ATRAC differs from some other codecs in that psychoacoustic principles are applied to both the bit allocation and the time-frequency splitting. In that respect, both subband and transform coding techniques are used. In addition, the transform block length adapts to the audio signal's characteristics so that amplitude and time resolution can be varied between static and transient musical passages. Through this processing, the data rate is reduced by 4/5. The ATRAC encoding algorithm can be considered in three parts: time-frequency analysis, bit allocation, and quantization of spectral components. The analysis portion of the algorithm decomposes the signal into spectral coefficients grouped into BFUs that emulate critical bands. The bit allocation portion of the algorithm divides available bits between the BFUs, allocating more bits to perceptually sensitive units. The quantization portion of the algorithm quantizes each spectral coefficient to the specified word length.
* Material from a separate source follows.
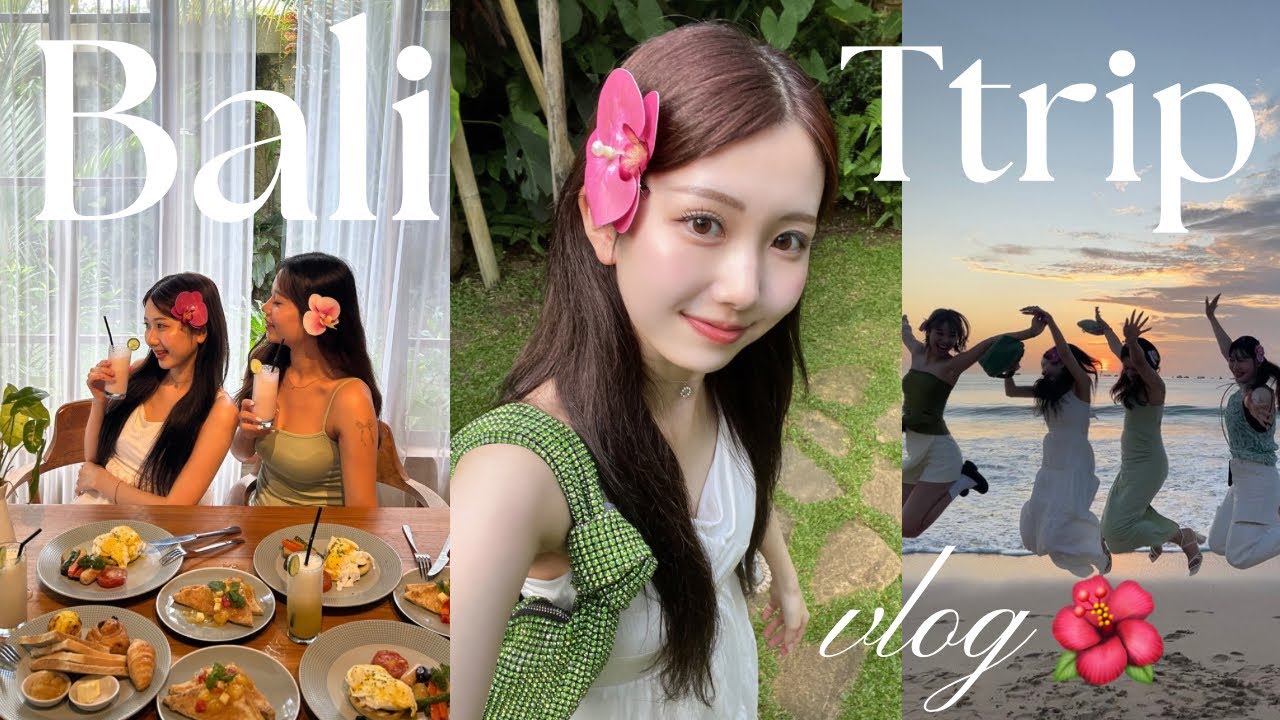 【Bali vlog】バリ島5日間🌺オススメお土産ショップ/カーチャーター公開🚗 高校のダンス部仲間と✈️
FIG. 18 The ATRAC encoder time-frequency analysis block contains QMF filter banks and MDCT transforms to analyze the signal.

The time-frequency analysis, shown in FIG. 18, uses subband and transform coding techniques. Two quadrature mirror filters (QMFs) divide the input signal into three subbands: low (0 Hz to 5.5125 kHz), medium (5.5125 kHz to 11.025 kHz), and high (11.025 kHz to 22.05 kHz). The QMF banks ensure that time-domain aliasing caused by the subband decomposition will be canceled during reconstruction. Following splitting, contents are examined to determine the length of block durations. Signals in each of these bands are then placed in the frequency domain with the MDCT algorithm. The MDCT allows up to a 50% overlap between adjacent time-domain windows; this maintains frequency resolution at critical sampling. A total of 512 coefficients are output, with 128 spectra in the low band, 128 spectra in the mid band, and 256 spectra in the high band.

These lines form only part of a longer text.